The bottom line, according to Media Matters, is that religious conservatives were "quoted, mentioned or interviewed" 2.8 times more often than liberals. The study focused on coverage between the 2004 election – the "values voters" earthquake – and the end of 2006. It focused on coverage in major secular newspapers, the three major broadcast television networks, major cable news channels and PBS.

With a few exceptions, the study contrasted the coverage of a small circle of evangelical Protestants with the coverage of a more complex list of liberal mainline Protestants, progressive evangelicals and others.

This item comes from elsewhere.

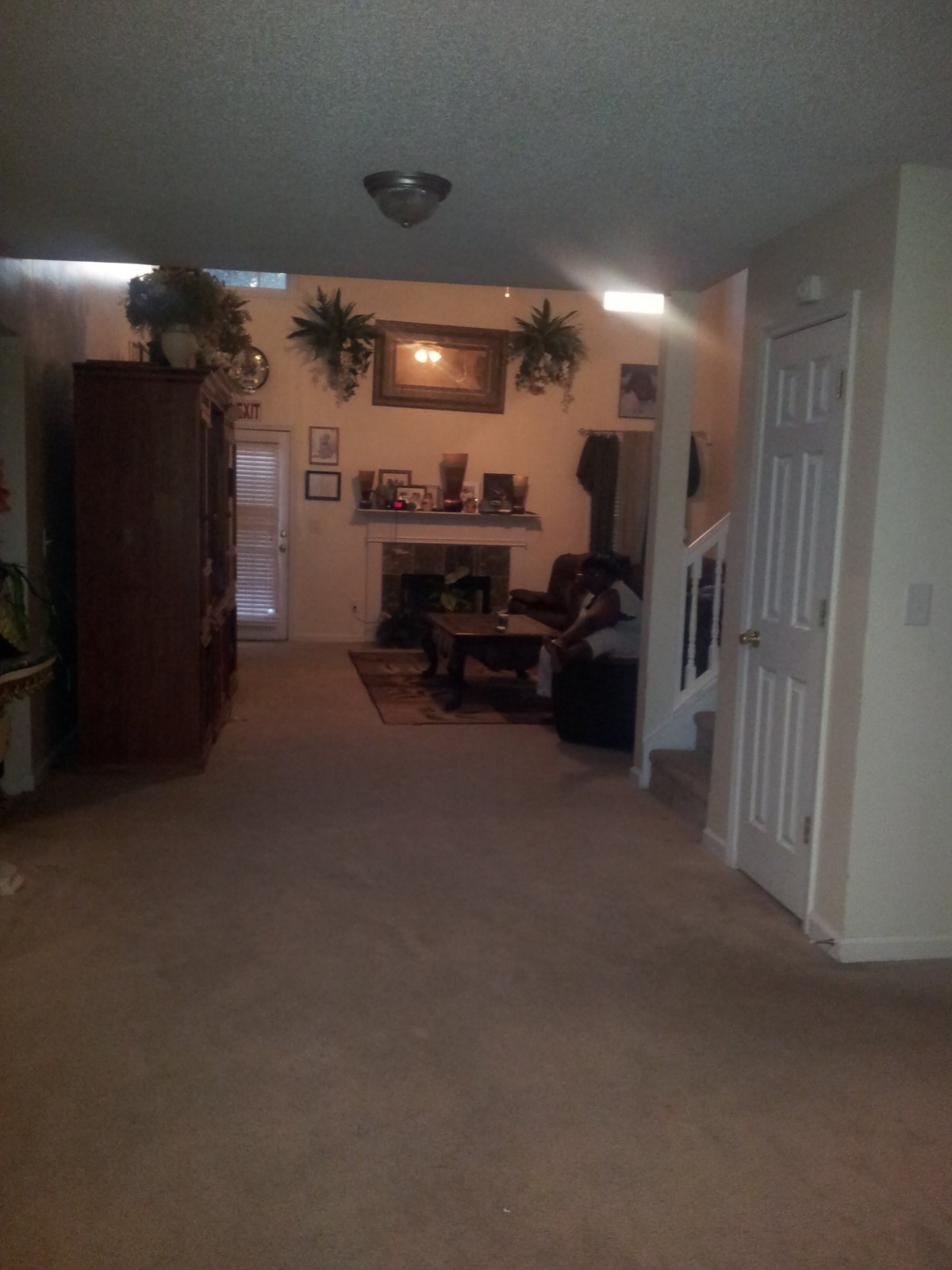 A cozy living room with a fireplace and various decorations.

The 10 conservatives included James Dobson of Focus on the Family, Charles Colson of Prison Fellowship, Franklin Graham of the Billy Graham Evangelistic Association, Richard Land of the Southern Baptist Convention's Ethics & Religious Liberty Commission, Pat Robertson of the Christian Broadcasting Network and the late Jerry Falwell, founder of the Moral Majority.

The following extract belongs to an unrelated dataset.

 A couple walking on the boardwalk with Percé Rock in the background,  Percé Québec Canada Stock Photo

The 10 liberals and "progressives" included Robert Edgar of the National Council of Churches of Christ, C. Weldon Gaddy of the Interfaith Alliance, Rabbi David Saperstein of the Religious Action Center of Reform Judaism, Jesse Jackson of the Rainbow Coalition and Jim Wallis of Sojourners.

Were these lists fair representations of a spectrum of beliefs on either the left or the right? The conservative list does not, for example, include a representative or two drawn from the ranks of Roman Catholic clergy, Jewish rabbis or doctrinally conservative mainline Protestants. The list on the left is better, but there are glaring omissions – such as Barry Lynn of Americans United for Separation of Church and State or the Episcopal Church's Presiding Bishop Katharine Jefferts Schori.

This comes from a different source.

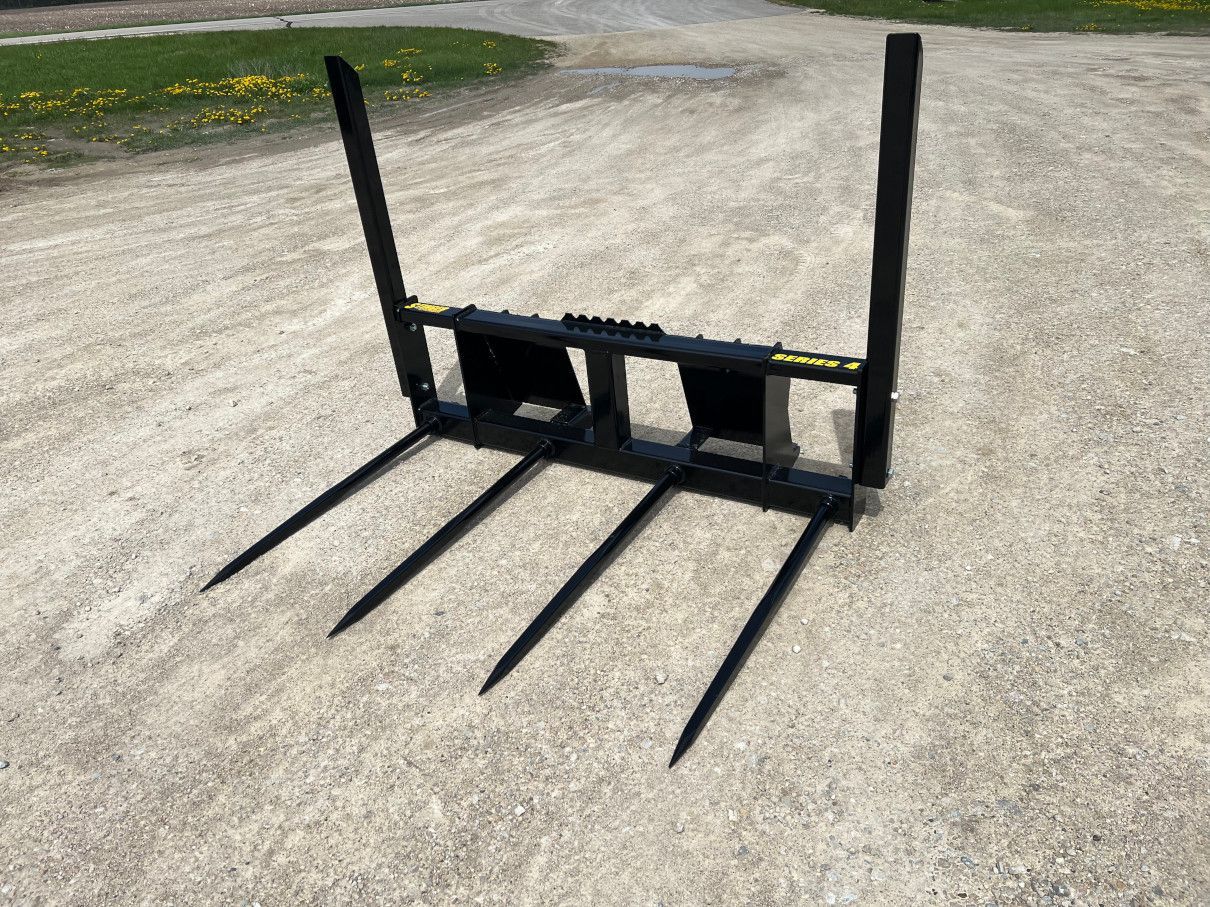Stinger BS4 skid steer bale spear attachment for handling round hay bales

It is certainly true that leaders on the religious right have drawn more than their share of news coverage during recent decades of American political life. However this raises a crucial question, which is whether religious movements should be judged by the political maneuvers of a handful of outspoken leaders. Should politics always trump doctrine?

Meanwhile, many conservative evangelicals, Catholics, Eastern Orthodox believers and others have to cringe whenever they see themselves represented in the national media by more quotes from Dobson or Robertson. Who are the leaders on the religious left who make other liberals cringe whenever they open their mouths?

So why have a few religious conservatives dominated the news, while religious liberals have been left in the shadows?

For starters, conservative groups have been growing in size and power, while liberal groups – especially mainline Protestant churches – have lost millions of members. Journalists pay special attention to groups that they believe are gaining power.

Journalists also focus on trends that they consider strange, bizarre and even disturbing. Certainly, one of the hottest news stories in the past quarter century of American life has been the rise of the religious right and its political union with the Republican Party. For many elite journalists, this story has resembled the vandals arriving to sack Rome.

One of the nation's top religion writers heard an even more cynical theory to explain this evidence that journalists seem eager to quote conservatives more than liberals when covering religion news.

"Personally, I think there's much truth to what the study claims," said Gary Stern of the Journal News in Westchester, N.Y., in a weblog post. "But why? Some progressive religious leaders have told me one theory: that media people are anti-religion, so they trot out angry, self-righteous, conservative voices who make all religion look bad."